Doing nothing may be the proper action, but it is not an answer that removes NO2 and preserves the HNO3. Actually, with the ozone approach, or is it the oxygen/electric arc method, there may be even stronger HNO3 as the decomposition reaction has been reversed.

Did you read the article? NO2 will evaporate much faster than H2O or HNO3, because it has a much lower boiling point. All you need to do is allow it to evaporate under conditions that prevent anyone from inhaling it. All this fucking about with oxidizers is a total waste of time. You do not need oxidizers for this.

[Edited on 25-9-2017 by clearly_not_atara]

Fleaker - 25-9-2017 at 10:45

Quote: Originally posted by clearly_not_atara

Quote:

At a large Canadian producer of azeotropic nitric acid, c. hydrogen peroxide is used to decolorize their products and remove dissolved NOx.
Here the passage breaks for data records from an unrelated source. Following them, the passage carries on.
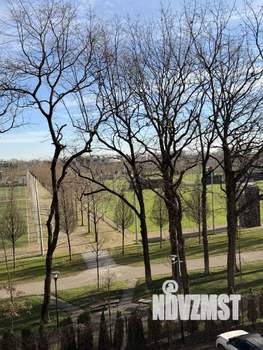 1-к квартира, посуточно, 32м2, 4/17 этаж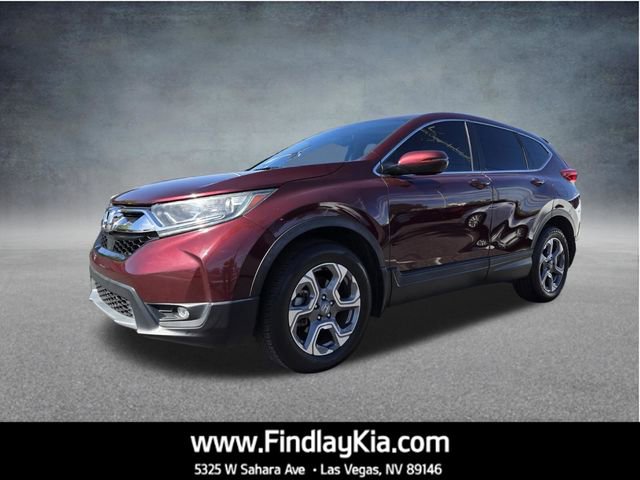 Used 2019 Honda CR-V EX-L image 1
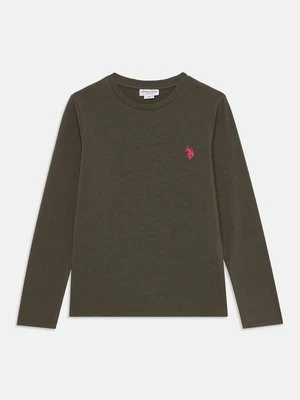 Bluzka z długim rękawem U.S. Polo Assn.
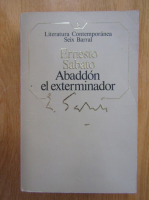 Ernesto Sabato - Abaddon el exterminador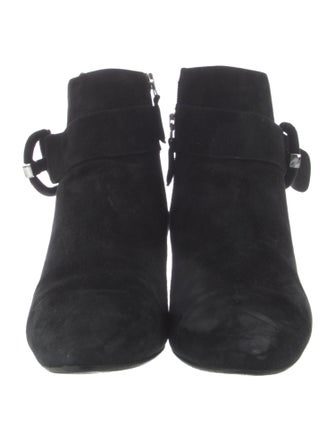 Aquatalia Suede Boots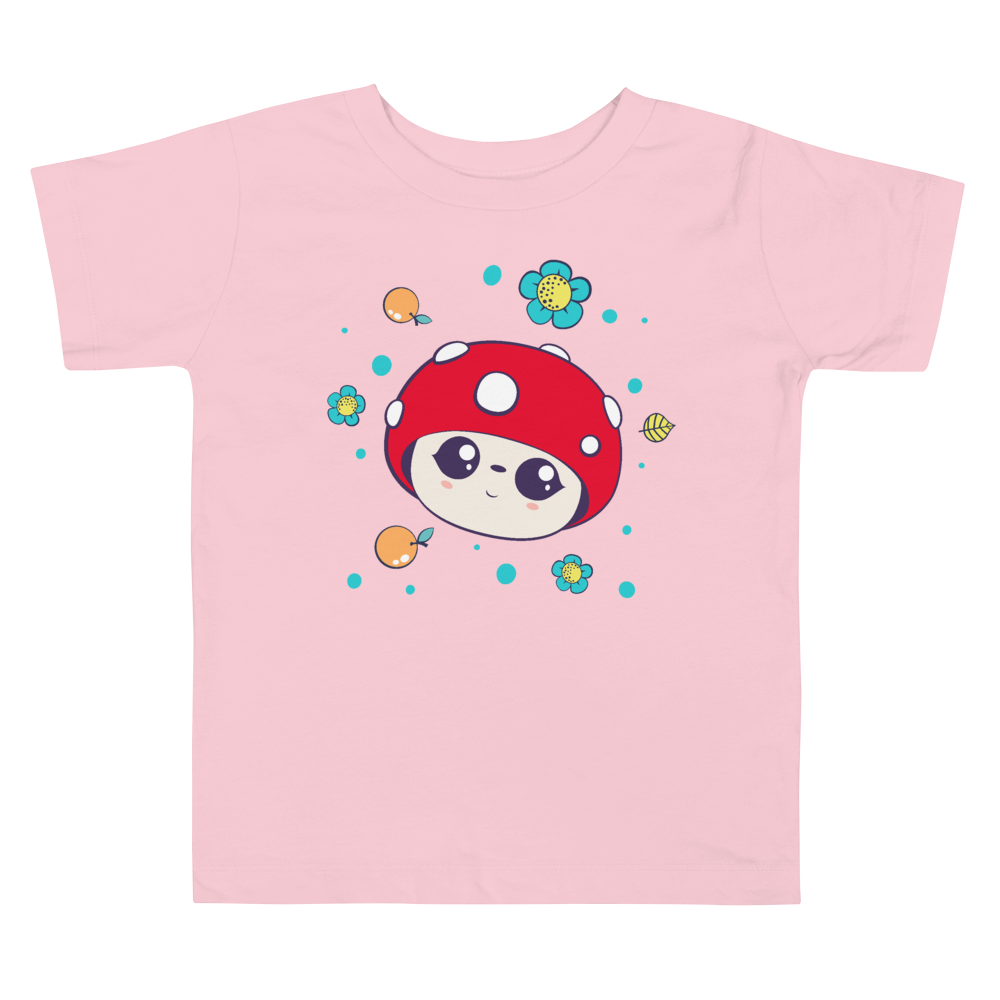 Bubble Toddler Short Sleeve Tee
Melgar - 25-9-2017 at 11:05

If you can't use H2O2 for some reason, like if you're dissolving silver, adding ammonium nitrate to the solution will greatly reduce fumes. I believe that this is a result of ammonium nitrite briefly forming and then decomposing into nitrogen and water. The NO3 ion is left behind to do some more oxidizing. However, you have to keep in mind that the ammonium ions all need to be gone by the time the reaction is finished, and that can be tough to predict.

hissingnoise - 25-9-2017 at 11:39

Quote:

At a large Canadian producer of azeotropic nitric acid, c. hydrogen peroxide is used to decolorize their products and remove dissolved NOx.

Down with dilution by water and down with losses of fixed nitrogen, I say!

Melgar - 26-9-2017 at 19:46

Quote: Originally posted by hissingnoise

Quote:

At a large Canadian producer of azeotropic nitric acid, c. hydrogen peroxide is used to decolorize their products and remove dissolved NOx.

Down with dilution by water and down with losses of fixed nitrogen, I say!

So you're saying that's a good thing that they're doing, since the H2O2 appears to oxidize NOx gases back to nitric acid?

Urea can be hydrolyzed to ammonia and CO2 in an acidic environment, right?

hissingnoise - 27-9-2017 at 02:45

Forget H₂O₂ ─ even if you could use it at 100% conc., the water it produces significantly dilutes HNO₃.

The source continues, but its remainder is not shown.